Affine invariant sampling

Jonathan Goodman, Courant Institute of Mathematical Sciences, NYU
March 19th, 2014 at 3:30PM–4:30PM in 939 Evans Hall [Map]

MCMC (Markov Chain Monte Carlo) is the main tool in much modern computation in statistics and statistical physics. The auto-correlation time of an MCMC method is, roughly speaking, the number of MCMC "sweeps" needed to product an effectively independent sample. Variables with large correlations, for example, give long auto-correlation times in MCMC methods that move variables one at a time (single variable Metropolis), or methods that propose isotropic (i.e. uncorrelated) multivariate moves. These situations can be improved by affine transformations of the sample space, chosen to reduce correlations. We discuss two classes of MCMC samplers that are affine invariant, which means that they have the same with or without an affine pre-conditioning.

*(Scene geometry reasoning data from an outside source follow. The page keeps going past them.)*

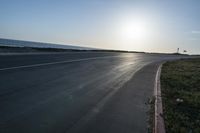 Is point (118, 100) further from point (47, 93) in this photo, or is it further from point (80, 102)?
point (47, 93)

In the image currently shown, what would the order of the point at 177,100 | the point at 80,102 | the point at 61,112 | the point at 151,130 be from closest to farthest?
the point at 151,130
the point at 61,112
the point at 80,102
the point at 177,100

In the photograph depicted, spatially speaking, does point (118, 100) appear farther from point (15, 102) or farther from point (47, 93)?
point (15, 102)

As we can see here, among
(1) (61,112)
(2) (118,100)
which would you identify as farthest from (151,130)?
(2) (118,100)

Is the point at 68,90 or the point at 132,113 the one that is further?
the point at 68,90

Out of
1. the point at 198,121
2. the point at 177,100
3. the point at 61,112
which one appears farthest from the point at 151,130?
the point at 177,100

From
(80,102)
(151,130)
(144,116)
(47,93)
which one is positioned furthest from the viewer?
(47,93)

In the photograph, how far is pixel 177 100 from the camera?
355 inches

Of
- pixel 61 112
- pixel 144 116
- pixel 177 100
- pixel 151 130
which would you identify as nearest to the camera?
pixel 151 130

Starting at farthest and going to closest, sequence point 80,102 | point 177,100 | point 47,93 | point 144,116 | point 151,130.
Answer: point 177,100, point 47,93, point 80,102, point 144,116, point 151,130

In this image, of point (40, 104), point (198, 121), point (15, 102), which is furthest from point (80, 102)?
point (198, 121)

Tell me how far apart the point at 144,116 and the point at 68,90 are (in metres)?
3.42

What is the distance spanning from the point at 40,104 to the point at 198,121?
4.21m

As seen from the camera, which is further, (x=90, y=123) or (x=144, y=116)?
(x=144, y=116)

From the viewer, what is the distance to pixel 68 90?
30.5 feet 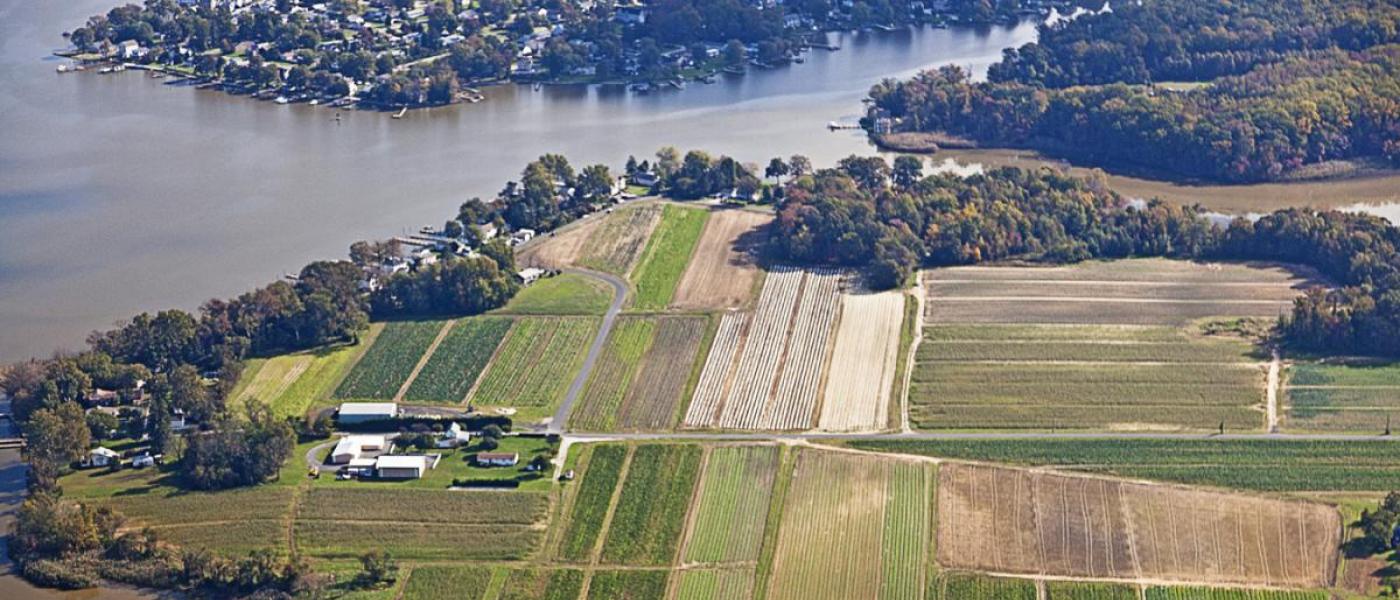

One (with Jonathan Weare) involves ensembles of samples being updated together. The samplers can be affine invariant if the moves are based on relative positions of different samples. One of these is the basis of the Emcee Hammer software package distributed by Dan Foreman Mackey. The other (with Bo Zhu) is an MCMC version of Gauss Newton Marquardt Levenberg nonlinear least squares, which gets its affine invariance by using derivative information.